* MATERIAL PROVIDED

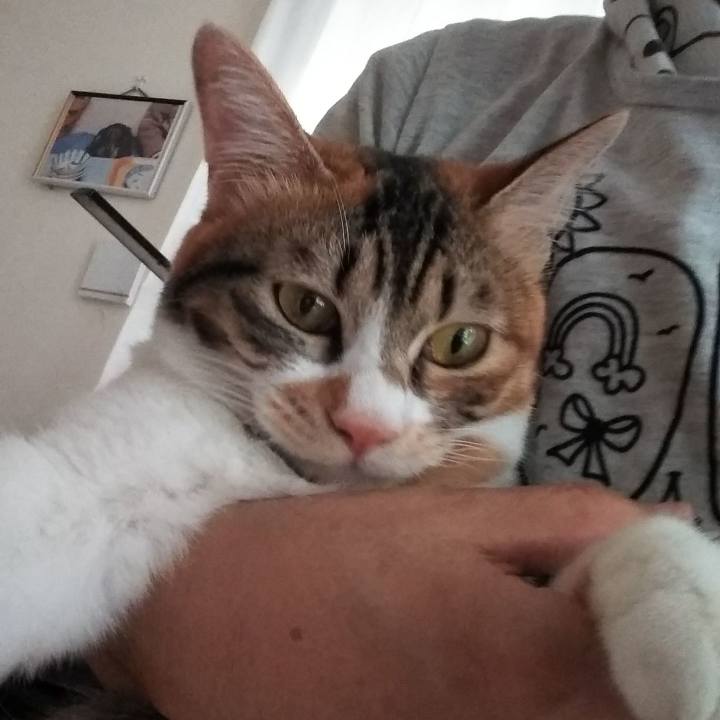 D6b0df8c 5de5 4f46 9583 5cebf8f323d1 1657563336177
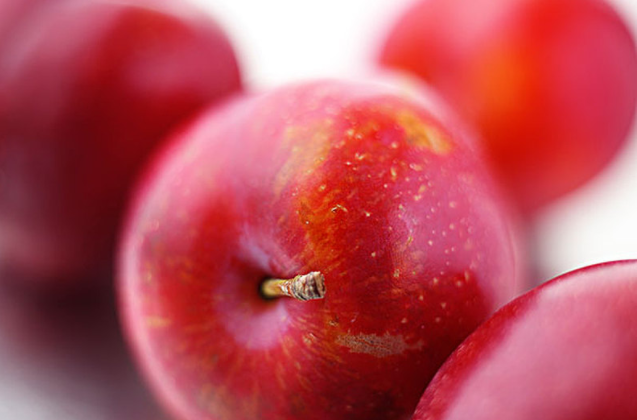 吃了李子不能吃什么食物,吃李子不能和什么同食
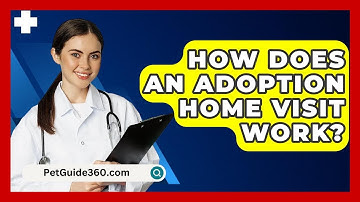 How Does An Adoption Home Visit Work? - PetGuide360.com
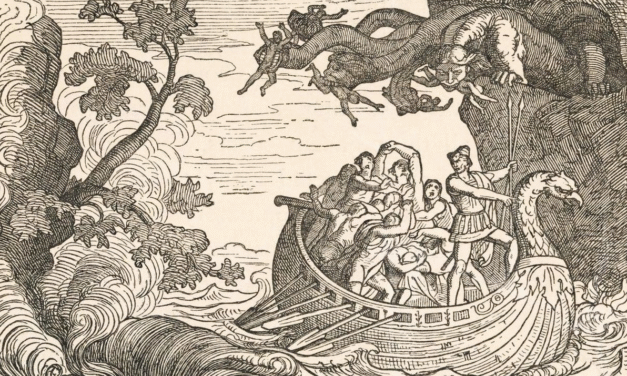 Courting The Wild Twin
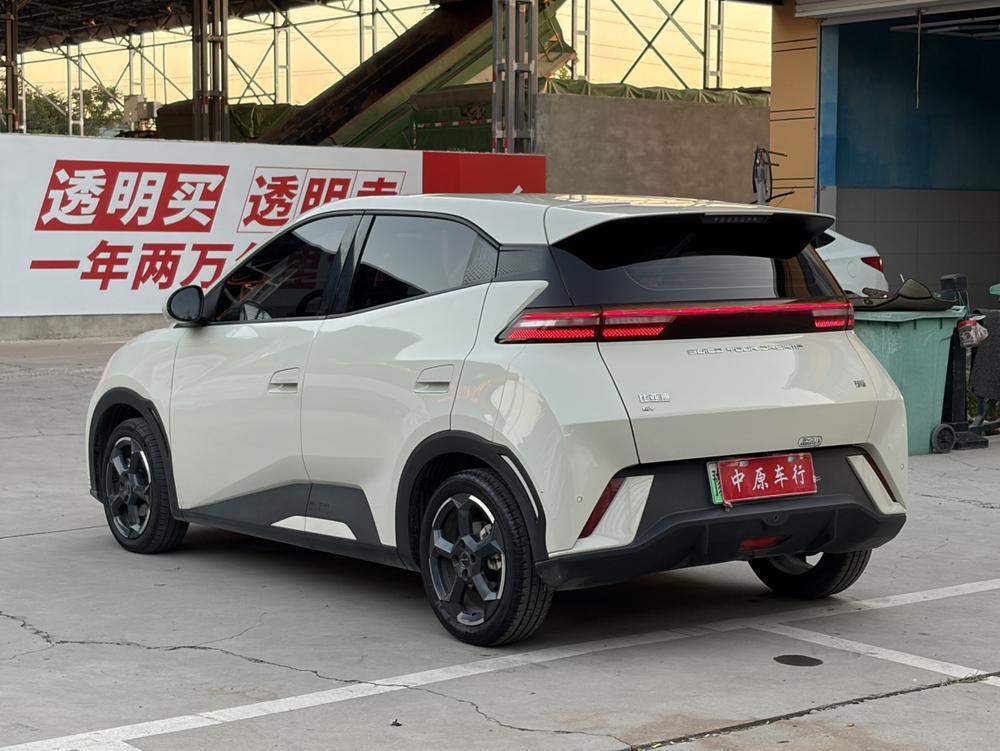 BYD Seagull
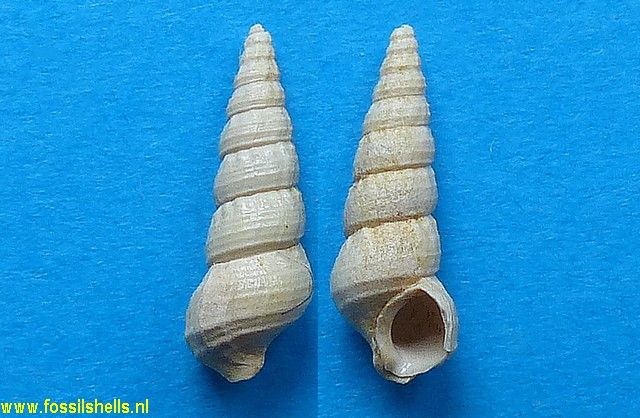 Granulolabium subula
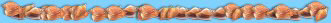 Separator Bar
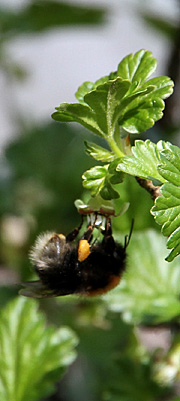 Humlebi i stikkelsbærblomst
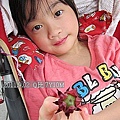 09-2011.09.02戶外上課去01.jpg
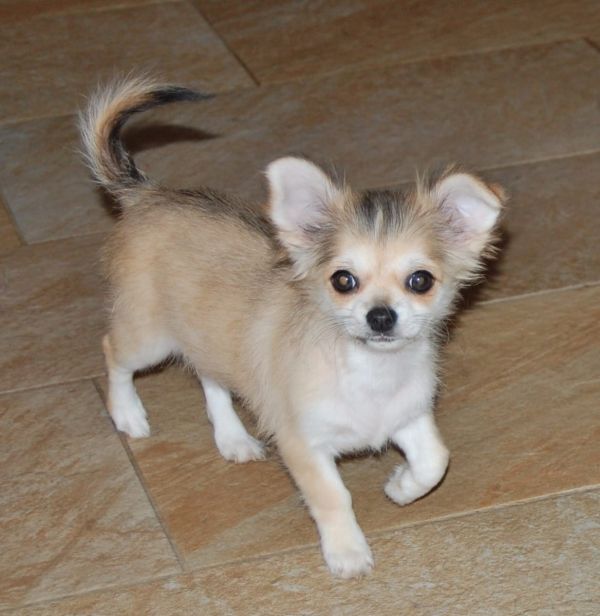  cuccioli di chihuahua  ( per regalo )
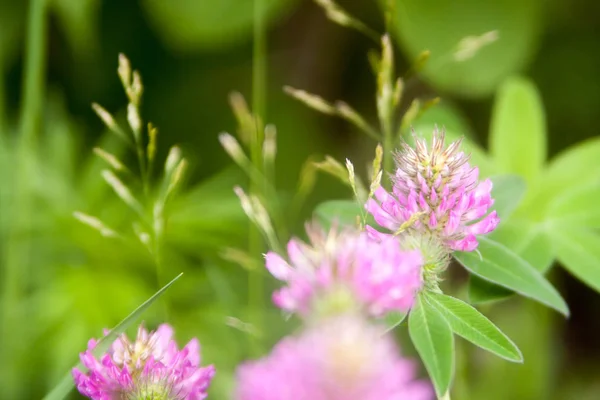 Floral Zomer Achtergrond Zachte Focus Bloeiende Klaver Onscherpe Achtergrond — Stockfoto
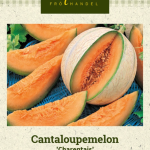 Cantaloupemeloni 'Charentais'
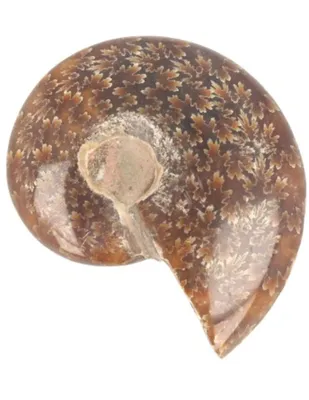 Fossiel Ammoniet Gepolijst (5 - 6 cm)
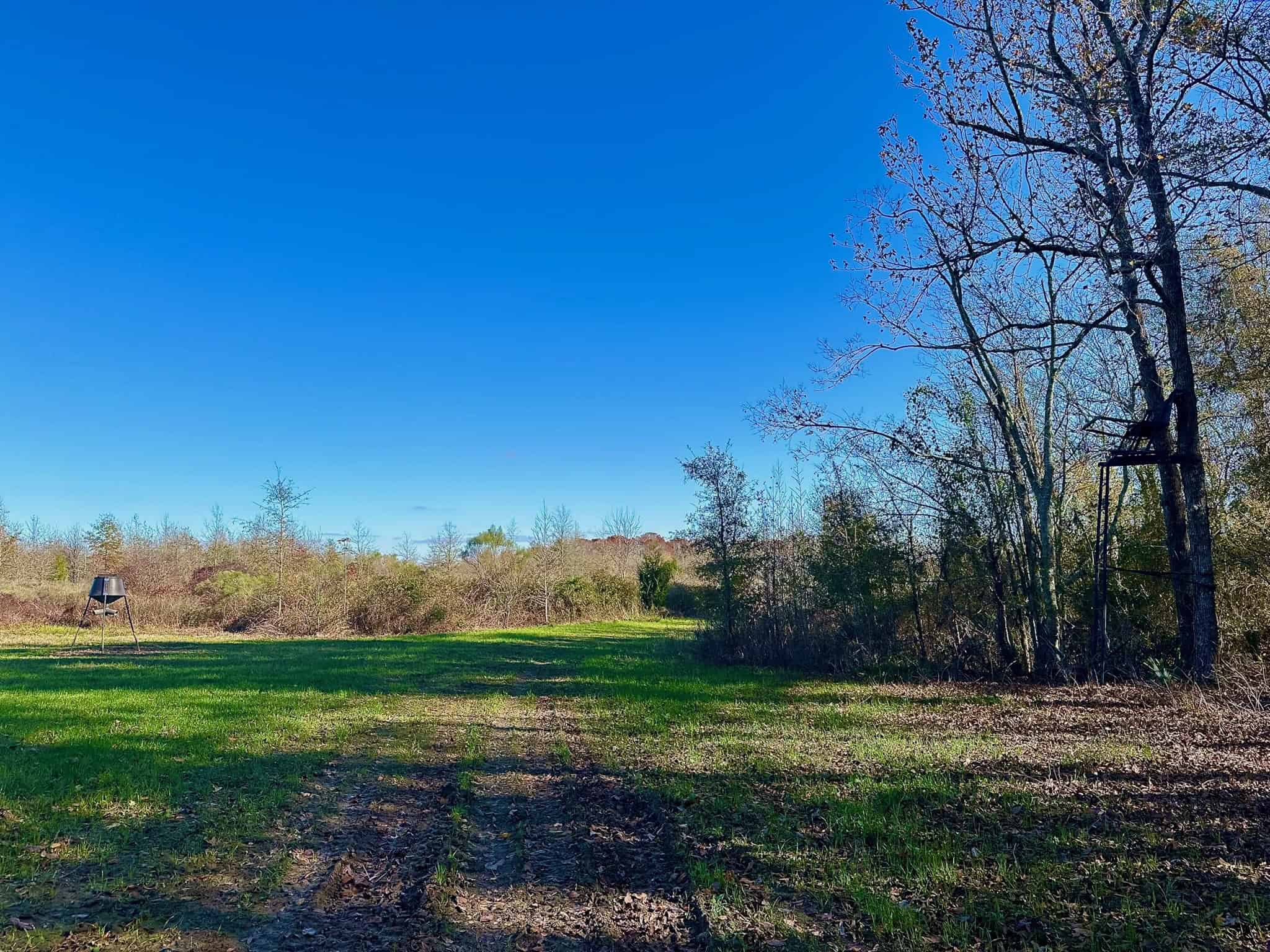 Delta Duck and Deer Hunting Property for Sale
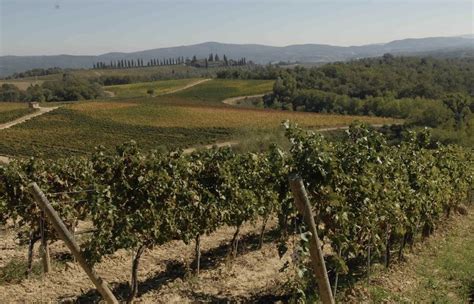 Vendemmia Consorzio Vino Chianti Calo Di Produzione In Media Del 20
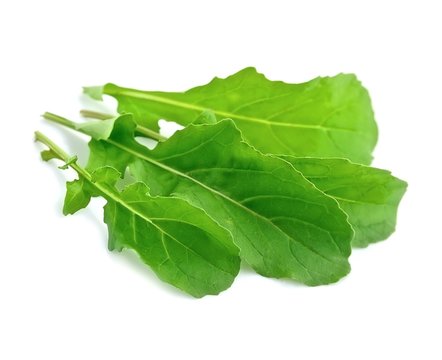 Arugula salad .
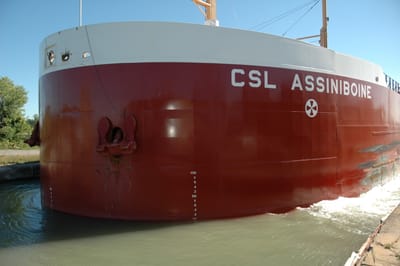 DSC_4158.JPG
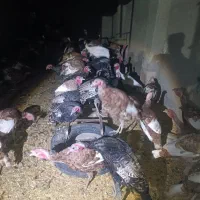 فروش بوقلمون|حیوانات مزرعه|دیواندره, |دیوار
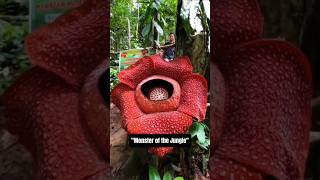 The Monster Flower You've Never Heard Of! StrangeNature #CorpseFlower #WildDiscovery #JungleMystery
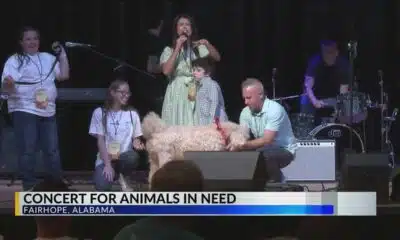The Haven animal shelter hosts first benefit concert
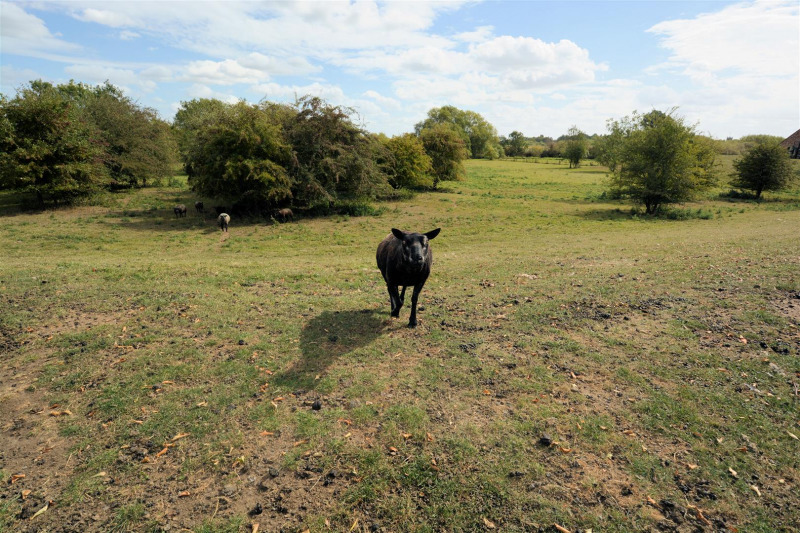 Property photo: workshop land.jpg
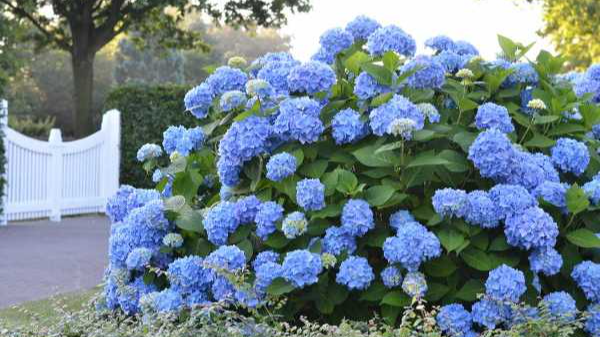 Як укрити гортензію на зиму: не зробіть цих помилок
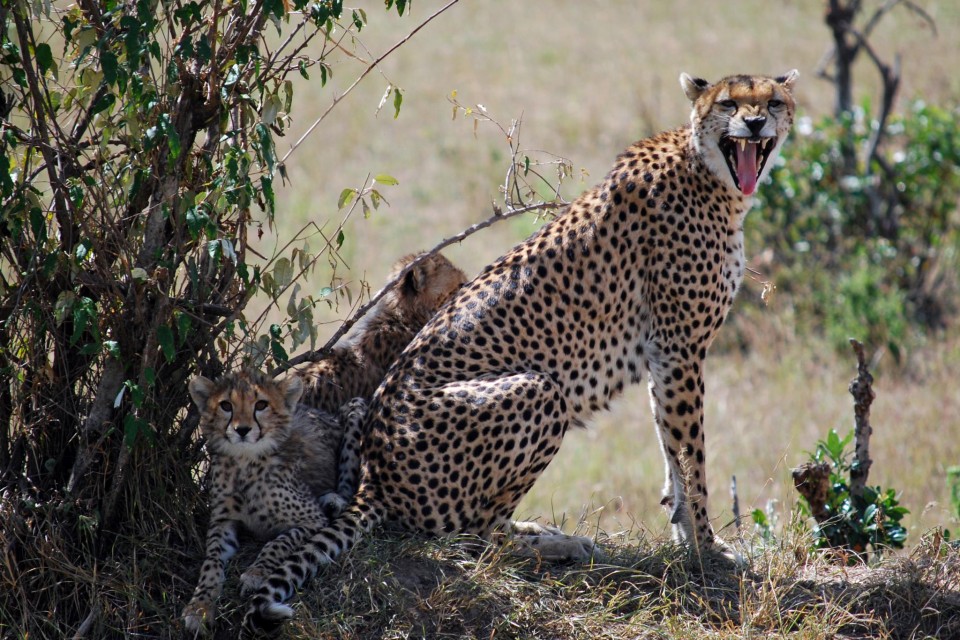 9 Days Full Kenya Highlights Safari Experience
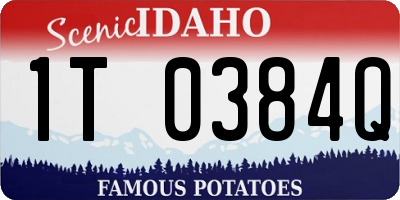 ID license plate 1T0384Q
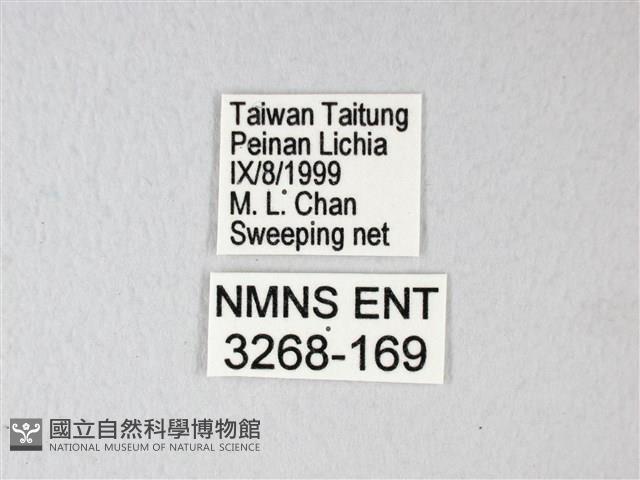 淡青雅波灰蝶藏品圖，第3張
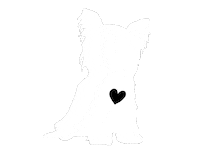 yeahyouknowit puppy doggo yorkie puppylove Sticker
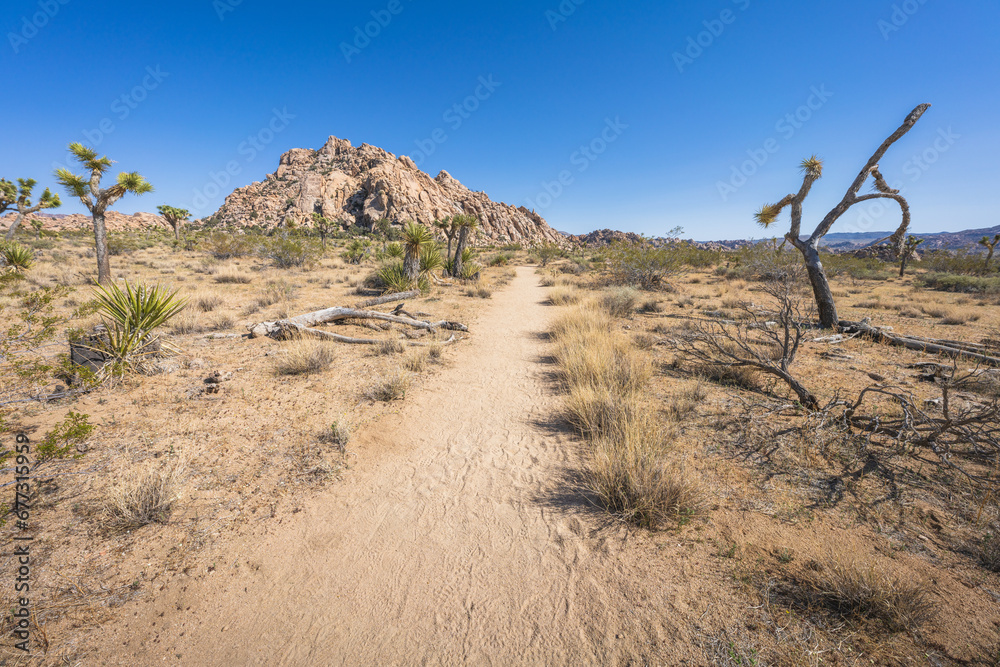 hiking the lost horse mine loop trail in joshua tree national park, california, usa hiking the lost horse mine loop trail in joshua tree national park, california, usa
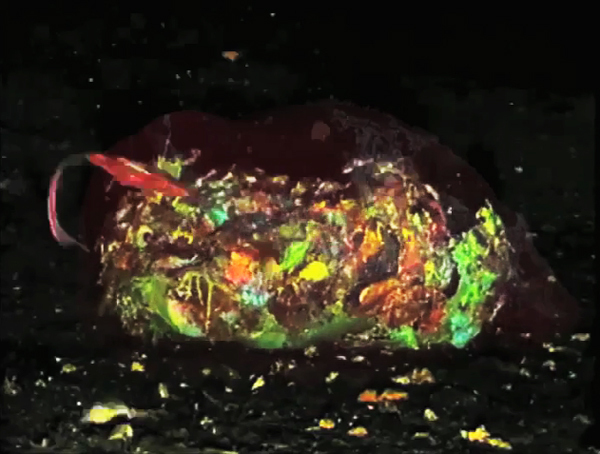 Aimee Goguen, Blobbing, video, 3:15, 2016.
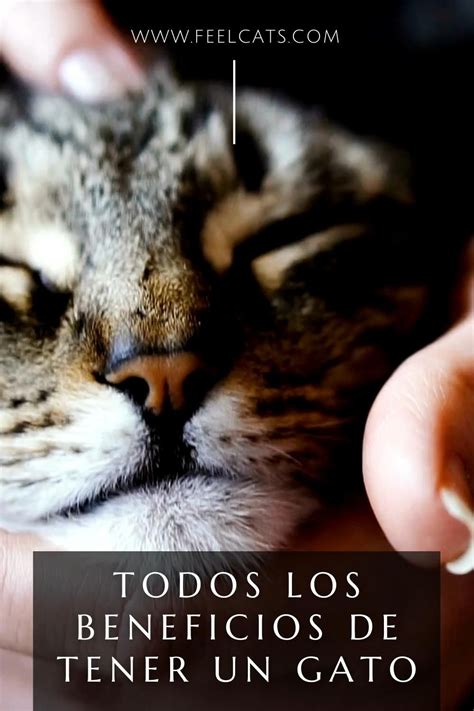 Beneficios De Tener Un Gato En Casa Artofit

* ACTIVITY
Of the entries above, print exactly those lines that run from the one containing "How Does An" through the last line, excluding any pictures.

* REPLY
 How Does An Adoption Home Visit Work? - PetGuide360.com
 Courting The Wild Twin
 BYD Seagull
 Granulolabium subula
 Separator Bar
 Humlebi i stikkelsbærblomst
 09-2011.09.02戶外上課去01.jpg
  cuccioli di chihuahua  ( per regalo )
 Floral Zomer Achtergrond Zachte Focus Bloeiende Klaver Onscherpe Achtergrond — Stockfoto
 Cantaloupemeloni 'Charentais'
 Fossiel Ammoniet Gepolijst (5 - 6 cm)
 Delta Duck and Deer Hunting Property for Sale
 Vendemmia Consorzio Vino Chianti Calo Di Produzione In Media Del 20
 Arugula salad .
 DSC_4158.JPG
 فروش بوقلمون|حیوانات مزرعه|دیواندره, |دیوار
 The Monster Flower You've Never Heard Of! StrangeNature #CorpseFlower #WildDiscovery #JungleMystery
The Haven animal shelter hosts first benefit concert
 Property photo: workshop land.jpg
 Як укрити гортензію на зиму: не зробіть цих помилок
 9 Days Full Kenya Highlights Safari Experience
 ID license plate 1T0384Q
 淡青雅波灰蝶藏品圖，第3張
 yeahyouknowit puppy doggo yorkie puppylove Sticker
 hiking the lost horse mine loop trail in joshua tree national park, california, usa hiking the lost horse mine loop trail in joshua tree national park, california, usa
 Aimee Goguen, Blobbing, video, 3:15, 2016.
 Beneficios De Tener Un Gato En Casa Artofit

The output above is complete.